Overall, this book was disappointing. It started out strong, and I was intrigued by the premise. I loved the idea of a journal that showed Thoreau had someone else with him at Walden Pond, and I especially loved that the heroine had risen from such a difficult background to achieve what she had. Unfortunately, things started going south somewhere around the halfway point. My sympathy for the heroine began to wane about the time she had sex with a teenage boy. Yes, he was nineteen, and yes he came after her, and yes he seemed to understand the game. But...big BUT...he was nineteen and she was twenty-eight and that nine-year difference can better be represented in dog years. Not to mention that she was already involved in a sexual relationship with the man she really cared about. To jump into bed with a teenager because she was hurt and lonely was so not OK. Especially given Patrick's subsequent obsession with her--which any thinking adult could have anticipated--and his statement that made it seem like he'd been a virgin at the time. Maybe the author was trying to make a point about the Cahill clan always making bad decisions, but this decision didn't hurt the heroine as much as it did a young man she should have cared for enough to turn away.

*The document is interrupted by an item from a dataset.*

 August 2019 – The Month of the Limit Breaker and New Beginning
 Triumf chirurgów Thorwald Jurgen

More importantly, I didn't think the story arc was all it could have been. There was too much recapping of information that had already been presented. It seemed like the author told us 150 times that Aine was from Kentucky, that her family was cursed, that they sold hillbilly heroine, that her granny got her out of there, etc., over and over. By contrast, information that should have been presented was withheld until far too late in the story (I'm sorry, she was accused of what toward her little brother? How does that not warrant a mention before the final act of the story?) I understand that Aine was an unreliable narrator (actually, she was a certifiable narrator) but why keep presenting the same information over and over? And at such odd times. At one point, Aine is in the middle of a haunting episode and starts thinking about how Thoreau should have married her aunt. Really? Is that what you're thinking as a malevolent spirit tries to destroy you and everyone you love? Then came the end of the story when the author seemed to be pointing the reader to the conclusion that Aine, rather than the victim of a haunting, was the delusional victim of severe mental illness, leaving me to wonder why I spent so much time listening to the story.

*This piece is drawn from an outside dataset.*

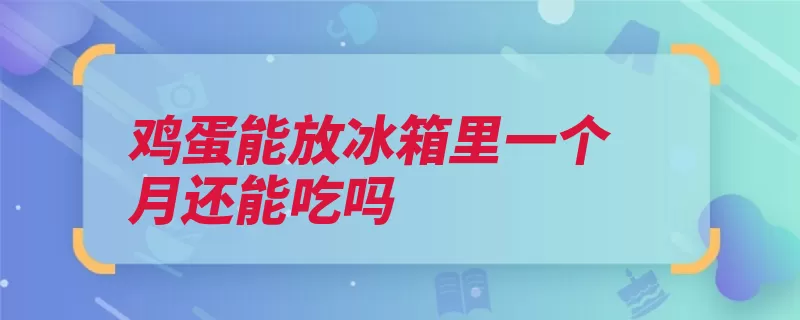 鸡蛋能放冰箱里一个月还能吃吗（鲜蛋气孔生姜洋葱）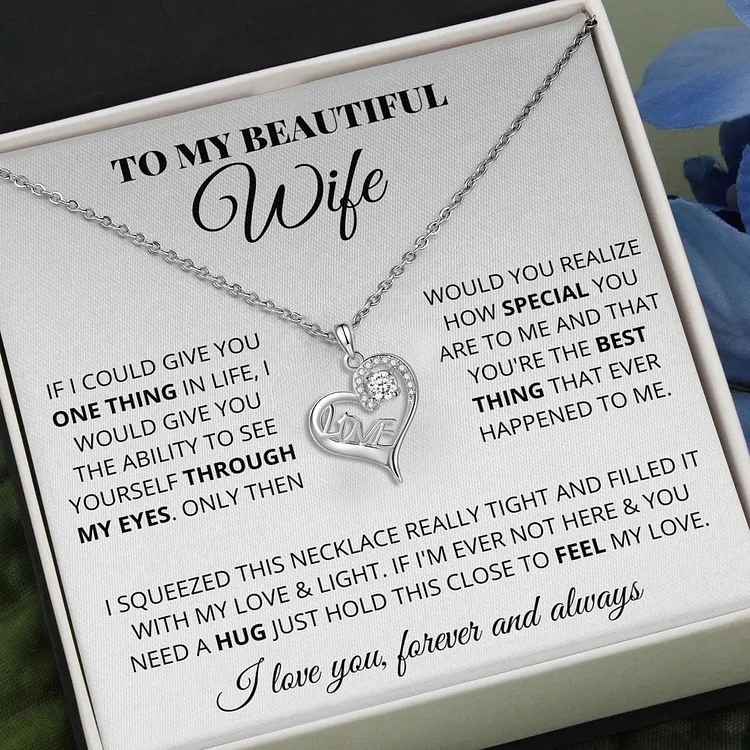 To My Beautiful Wife LOVE Necklace Romantic Gift Set for Her "I love you, forever and always"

Nor did I think the writing quality was all it could have been. I understand that this is not an offering from a major publishing house, but surely there's someone there who knows what "belie" means? "But the dread that wedged heavy in my breast belied my fears." Yeah, no. There were also numerous problems with verb tenses. Why authors struggle with this, I will never understand. How can writers be so uninformed about their own language? Regardless, sentences that should have been in past progressive or past perfect were in simple past. Annoying. And not the sort of thing I want to encounter in the books I read. Unfortunately, the audio recording was not great either. The narrator's southern accent seemed to come and go, and there was one section of the book where it seemed like every other sentence was re-dubbed, making for an irritating listening experience.
Overall, this book had potential, and I was intrigued enough by Aine's story to stick with it, but it could have been much better. The cliffhanger ending would seem to indicate that there will be a sequel, but I'm sure I will have forgotten about this book long before the next one comes out.